1) Don’t neglect your sleep! Clinical studies show that sleep and the circadian rhythm (normal sleep - wake cycles) exert a strong regulatory effect on the immune function, include a specific role of sleep in the formation of immunological memory. This role appears to be associated in particular with the stage of slow wave sleep. Many people these days do not achieve the stage of sustained slow wave sleep for the periods of time necessary to boost immune health. This is due to stress levels that cause unnatural rises in cortisol. So get your stress levels down too, any way you can.
 
2) Include immune-modulating supplements into your daily routine, including targeted vitamins and minerals. Refer to the following article “Coronavirus Preparedness Checklist” which was recently put out by Wendy Myers of Myers Detox for recommendations. You can also check out my article "Building Immunity: Seven Powerful Ways".

 

3) Cut back on carbohydrates (ALL, not just refined) and sugars. Ever since I went on a very low carbohydrate diet of meat and animal-sourced fat, seafood, and vegetables I noticed a dramatic improvement in my immune function. In fact, I haven’t caught a cold or flu virus at all this year despite constant exposures through my family and patients. Remember that fruit is very high in sugar (albeit sugar attached to fiber which is much better than refined sugars) and should generally be eaten sparingly. You can also pay attention to consuming more of the low glycemic fruit, such as blueberries, grapefruit, lemons/limes and avocado and either cut out altogether or eat very little of the high glycemic fruit such as bananas, pineapple, and mangoes.  

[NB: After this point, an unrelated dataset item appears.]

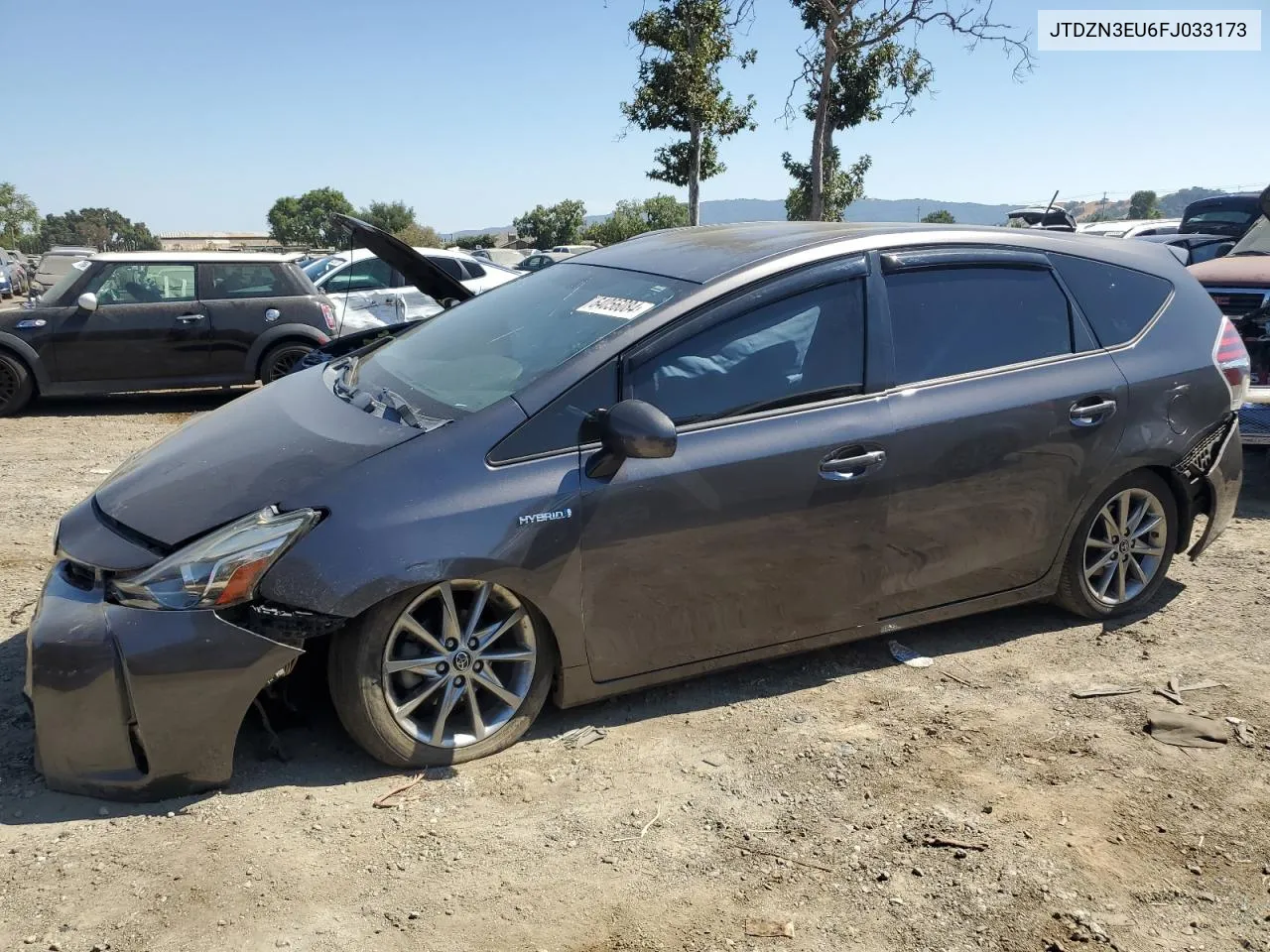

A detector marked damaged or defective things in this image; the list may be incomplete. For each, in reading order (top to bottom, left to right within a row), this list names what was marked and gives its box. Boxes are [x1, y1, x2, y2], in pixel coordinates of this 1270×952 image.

4) Consider treating with Chinese herbal formulas If you do end up catching COVID-19 (or any other nasty virus for that matter). Here at Denver Community Acupuncture we are stocking herbal formulas based on what our colleagues are using in China. Because herbal formulas may also be in short supply (due to their heavy use in China currently), we will save them for people who are symptomatic and need support. We will need email or phone correspondence with symptoms, and then request friends or family come and pick them up. Please do not show up in clinic if you are symptomatic!

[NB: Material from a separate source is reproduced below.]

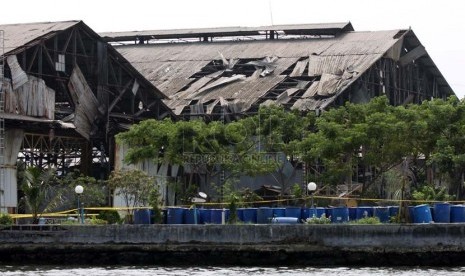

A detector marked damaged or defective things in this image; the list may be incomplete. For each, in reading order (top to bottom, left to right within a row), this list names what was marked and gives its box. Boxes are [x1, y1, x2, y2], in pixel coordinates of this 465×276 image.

Please be careful not to use antiviral herbs unless you are actually starting to show symptoms! Antiviral herbs according to Chinese medicine are cold and bitter, and if used incorrectly can easily hurt and actually weaken the host, particularly if they have preexisting digestive issues. This includes popular antiviral herbs sold in health food stores, such as Isatis, Coptis, Echinacea and Goldenseal. Also, if used too much or too early (such as for preventive purposes, before the actual onset of symptoms), they can contribute to Damp conditions in the body (see explanation below). This is an example of how mass marketing of herbal medicine without proper training and instruction can actually damage the health of those seeking to self-medicate.

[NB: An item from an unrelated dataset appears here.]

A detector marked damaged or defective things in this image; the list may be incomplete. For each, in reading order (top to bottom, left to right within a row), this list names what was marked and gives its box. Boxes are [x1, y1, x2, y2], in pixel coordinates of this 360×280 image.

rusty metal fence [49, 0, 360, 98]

COVID-19 is a respiratory illness, and people in critical care are suffering from pneumonia and fluid buildup in the lungs leading to acute respiratory distress syndrome (ARDS). In China, they are seeing a preponderance of what we call Damp Accumulation and poor water regulation and metabolism over the course of this virus. Therefore most of the herbal formulas currently being used “clear Damp” and support the free flow of water metabolism in the body. Thus the best way to prevent COVID-19 from becoming serious or even lethal, is to clear any preexisting Damp before any viral infection occurs. There are Chinese herbal formulas that can be used--but once again, these should only be taken if actual Damp signs are present. This should be determined with the help of a Chinese herbal practitioner.

Please note, diet is critical here: avoiding “Damp” and “Phlegm” engendering foods can make the difference between progression into pneumonia and no progression. These include: all dairy, all sugar including high glycemic fruit such as mangoes, bananas and pineapple, high carbohydrate diets especially those high in wheat and wheat products, nuts and nut butters, and most especially alcohol. Emphasize cooked vegetable and meat dishes, fish and seafood. Also, do not overeat!

The best way to utilize Chinese herbal formulas for viral illnesses, is to start right away at the first sign of infection, and then CHANGE or modify the formulas as symptoms change. This could mean changing the formula every few days, and sometimes even with a 24 hour period! Please refer to an earlier article I wrote on the use of Chinese herbs in treating viral illness here.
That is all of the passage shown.